Arvind Subramanian likely to be Chief Economic Adviser

August 22, 2014 03:52 pm | Updated November 16, 2021 07:04 pm IST - New Delhi

Arvind Subramanian,who is likely to be appointed as Chief Economic Advisor,  speaking at the Rotary Club of Madras, in Chennai on May 27, 2014. Photo: Bijoy Ghosh

Arvind Subramanian,who is likely to be appointed as Chief Economic Advisor, speaking at the Rotary Club of Madras, in Chennai on May 27, 2014. Photo: Bijoy Ghosh

The Modi Government is likely to name Arvind Subramanian, the Dennis Weatherstone Senior Fellow at the Peterson Institute for International Economics and senior fellow at the Centre for Global Development as its Chief Economic Advisor (CEA).

Soon after the Modi Government was sworn in, Mr. Subramanian had said in Chennai that Prime Minister Narendra Modi could well become the Deng Xiaoping of India. The India and China specialist has worked in the areas of global trade and the shifting balances of global economic power. In 2011, he had sounded the alarm on China’s economic ascendance - his claim to fame in the world of Economics for which Foreign Policy magazine included him in its world’s top 100 global thinkers for the year 2011.

The CEA’s post has been vacant since last September after Dr. Raghuram Rajan took over as Reserve Bank Governor. The Modi Government that has the economy’s revival high on its agenda presented its maiden Budget last month without a full-time senior economist on-board. The appointment could also give the Centre’s war on food price rise a key strategist as the CEA normally heads the Inter-Ministerial Group on inflation, of course if the Modi Government decides to retain it. This group has not met since Dr. Rajan’s exit last September despite inflation running high on Government’s list of priorities.

Mr. Subramanian’s past jobs include at the International Monetary Fund and the GATT (General Agreement on Tariffs and Trade) during the Uruguay Round of trade negotiations. He has taught at Harvard University’s Kennedy School of Government from 1999 to 2000 and at the Johns Hopkins' School for Advanced International Studies from 2008 to 10.

The UPA Government had appointed him as a member of the Finance Minister’s Expert Group on the G-20. His CEA appointment comes even as he had critiqued Union Finance Minister Arun Jaitley’s maiden Budget as being optimistic on revenue targets on the one hand and failing to set deadlines for undertaking the tax and subsidy reforms mentioned in the Finance Minister’s Budget Speech. He had also flagged non-transparency in the Budget’s fiscal accounting.

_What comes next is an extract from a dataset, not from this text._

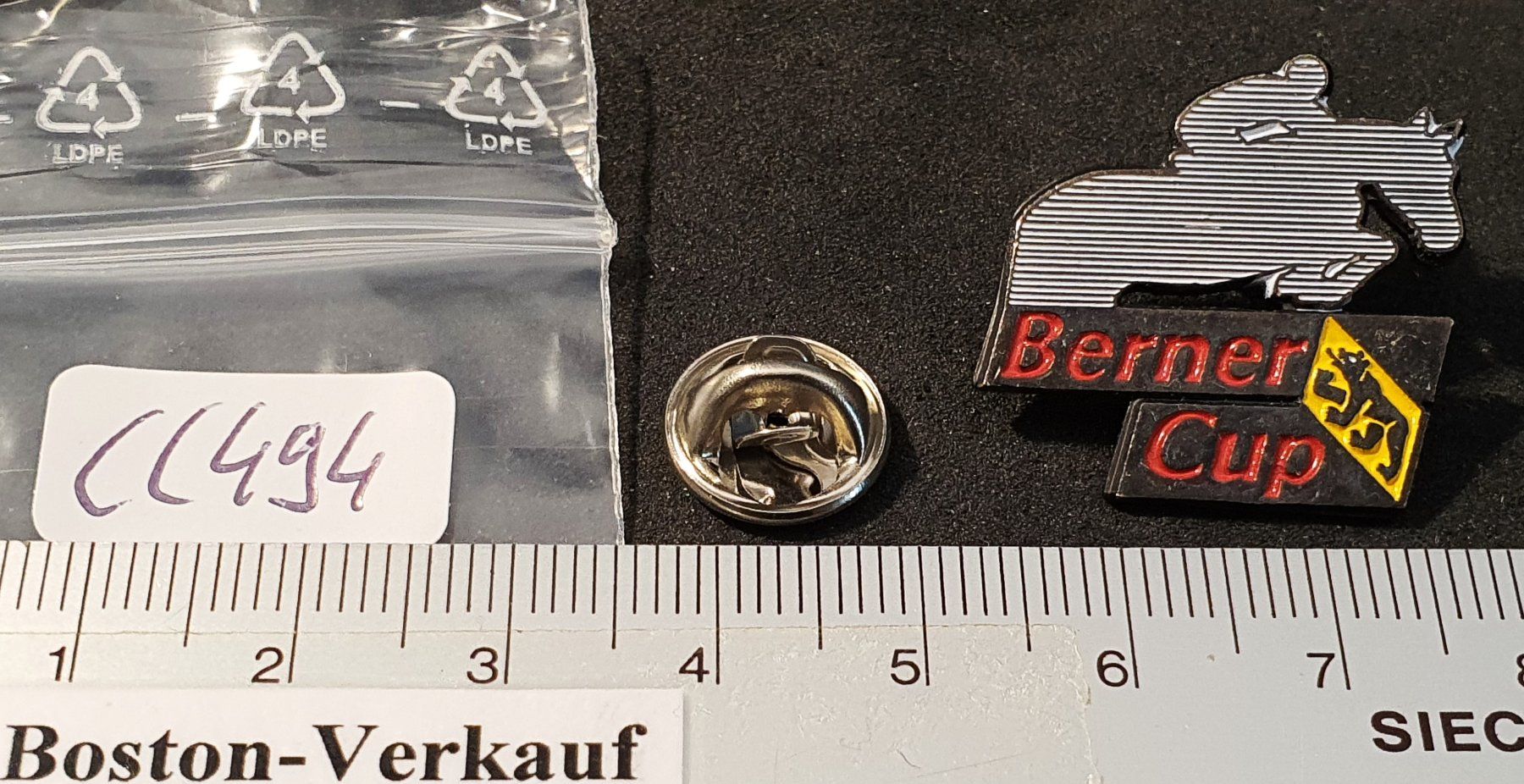 Placchette & Badge: CC494 - Pin Reiten Springreiten Pferd Berner Cup – Usato da Reinach BL venduto da Boston-Verkauf 1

Mr. Subramanian’s book Eclipse: Living in the Shadow of China's Economic Dominance was published in September 2011. He also co-authored Who Needs to Open the Capital Account? His book India’s Turn: Understanding the Economic Transformation was published in 2008.

“My Deng Xiaoping analogy is based on three or four reasons. Firstly, Mr. Modi represents a decisive break from dynasty rule like Deng Xiaoping broke with the madness of Mao Zedong ideology. Other two things that make me to think further on this are Mr. Modi’s decisiveness, pragmatic approach and the obsession to get things done like the Chinese reformist leader. Also, what strikes me as a parallel between the two is the kind of long-term horizon for their countries. Of course, the other parallel is that both of them have baggage. However, I hope the new government will resist the temptation to do cheap things for short-term gains and drive the bureaucracy for efficient delivery for long-term growth,” Mr. Subramanian had said addressing the Rotary Club of Madras on May 27.

Mr. Subramanian studied Economics at St. Stephens College, Delhi; obtained his MBA from the Indian Institute of Management, Ahmedabad, and his M.Phil and D.Phil from the University of Oxford, UK.